ドンという,上空から大きな樽が落下したような音を聞いた子犬は,我に返って立ち止まりました。背後でいったい何が起こったのかはわかりませんでしたが,何か,これ以上ない恐ろしいことが待っているような気配が子犬のすぐ近くまで忍び寄っていました。振り向こうと思っても,すぐにはそうできないほど,それは不吉な音だったのです。それでも意を決した子犬は,勇気を振り絞って後ろを振り返りました。
――ママ!
口から泡のような血を吐きだし,苦しそうに,血でべっとりと汚れた2本の前足で空中の何かを懸命につかもうとしている母犬が,そこに横たわっていました。
――ママ!ママ!ママ!
子犬は懸命に母を呼びました。母犬は,朦朧とする意識の中に愛する子犬の声を聞き,濃い霧の中のようなおぼろげな視界の中に辛うじて子犬の姿を見つけ,少しだけ尾を振りました。ご自慢のフサフサの尻尾も,自身の血で汚れています。
――よかった・・・
子犬の無事を知った母犬は,ようやく全身のあちこちが激しい痛みに覆われていることに気付きました。そして,母犬は目を閉じました。
子犬は泣きながら母犬の元にようやく走り寄りました。
――ママ!ねえ,ボクだよ!起きてよ!目を覚ましてよ!ママ!
子犬は懸命に声を嗄らして母犬を呼び続けました。しかし,母犬の耳にはもうその声は届きませんでした・・・
アメリカ・ニューヨークの,幸せに晴れ上がった休日の朝を,少しだけ悲しみの色を帯びた風が吹き抜けました。鳥の親子の歌声も少しばかり悲しげに聞こえます。
――ねえ,ママ? あの犬のママは死んじゃうの?
――わからないわ。でも,きっと助かる,そう信じましょう。ああ神様!あの犬が,どうか助かりますように!
――神様!どうかあの,犬のママが助かりますように!
アメリカ・ニューヨークのメインストリートは,大きな渋滞が起こっていました。その先頭に,警察や消防の車が数台ずつ見えます。そして,制服を着た人物が何人か,2頭の犬を取り囲むようにしながら何かを話しています。救急隊員が4名,警察官が2名,血を流して横たわった大きいほうの犬を慎重に毛布にくるみ,救急車に運び込みました。小さいほうの犬は,それを見て懸命に吠えています。
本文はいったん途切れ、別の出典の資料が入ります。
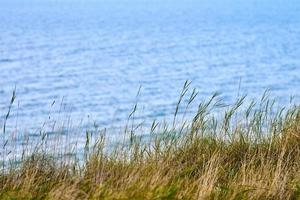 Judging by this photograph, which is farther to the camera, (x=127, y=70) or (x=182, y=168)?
(x=127, y=70)

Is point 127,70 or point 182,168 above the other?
point 182,168

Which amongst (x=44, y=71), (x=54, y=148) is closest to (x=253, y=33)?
(x=44, y=71)

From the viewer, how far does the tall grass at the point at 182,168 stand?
5891 mm

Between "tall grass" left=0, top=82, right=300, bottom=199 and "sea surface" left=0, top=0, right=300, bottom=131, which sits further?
"sea surface" left=0, top=0, right=300, bottom=131

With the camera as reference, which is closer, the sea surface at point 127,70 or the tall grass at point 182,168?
the tall grass at point 182,168

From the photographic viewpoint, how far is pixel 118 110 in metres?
23.2

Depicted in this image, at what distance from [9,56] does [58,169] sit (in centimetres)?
3407

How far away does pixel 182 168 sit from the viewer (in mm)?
7043

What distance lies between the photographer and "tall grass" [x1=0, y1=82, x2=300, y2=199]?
19.3 feet

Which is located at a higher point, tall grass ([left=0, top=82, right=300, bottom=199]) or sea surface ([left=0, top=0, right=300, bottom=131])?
tall grass ([left=0, top=82, right=300, bottom=199])

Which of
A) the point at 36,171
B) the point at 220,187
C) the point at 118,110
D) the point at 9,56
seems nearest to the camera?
the point at 220,187

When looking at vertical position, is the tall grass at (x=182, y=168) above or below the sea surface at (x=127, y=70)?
above

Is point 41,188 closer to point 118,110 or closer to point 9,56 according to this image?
point 118,110

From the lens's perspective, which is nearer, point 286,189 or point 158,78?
point 286,189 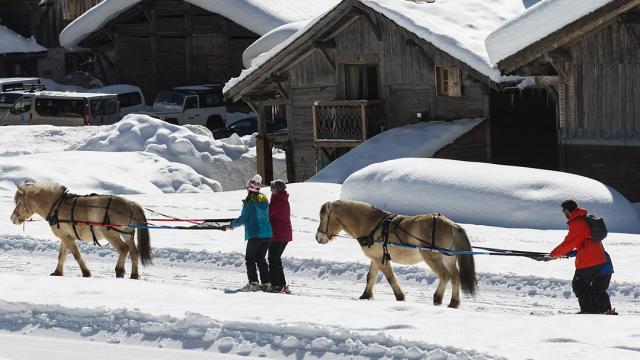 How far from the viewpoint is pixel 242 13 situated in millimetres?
50000

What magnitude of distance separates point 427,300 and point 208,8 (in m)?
34.6

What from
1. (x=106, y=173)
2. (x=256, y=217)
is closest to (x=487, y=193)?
(x=256, y=217)

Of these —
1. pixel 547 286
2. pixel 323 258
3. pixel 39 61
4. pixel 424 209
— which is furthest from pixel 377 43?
pixel 39 61

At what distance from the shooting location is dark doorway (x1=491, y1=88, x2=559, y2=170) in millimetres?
33281

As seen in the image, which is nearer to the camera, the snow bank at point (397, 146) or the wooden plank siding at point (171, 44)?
the snow bank at point (397, 146)

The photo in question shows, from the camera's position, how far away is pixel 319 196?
92.4 feet

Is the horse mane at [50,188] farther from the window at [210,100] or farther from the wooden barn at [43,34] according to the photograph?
the wooden barn at [43,34]

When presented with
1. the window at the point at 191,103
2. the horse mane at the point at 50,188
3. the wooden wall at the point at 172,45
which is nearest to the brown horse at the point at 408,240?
the horse mane at the point at 50,188

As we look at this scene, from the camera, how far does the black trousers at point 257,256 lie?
1697 cm

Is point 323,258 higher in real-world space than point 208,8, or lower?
lower

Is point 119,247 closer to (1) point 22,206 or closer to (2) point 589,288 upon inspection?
(1) point 22,206

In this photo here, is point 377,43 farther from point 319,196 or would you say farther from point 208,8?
point 208,8

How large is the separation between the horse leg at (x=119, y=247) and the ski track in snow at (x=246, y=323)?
1.99ft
犬を乗せた救急車は,その大きな犬のためにサイレンを鳴らしながらゆっくり走り始めました。その後を,小さな犬が懸命に追いかけていきます。一生懸命吠えながら,必死に,もうこれ以上力が出ないと思っても精いっぱい救急車を追いました。
救急車はぐんぐん加速して,ニューヨークの街の彼方に消えていきました。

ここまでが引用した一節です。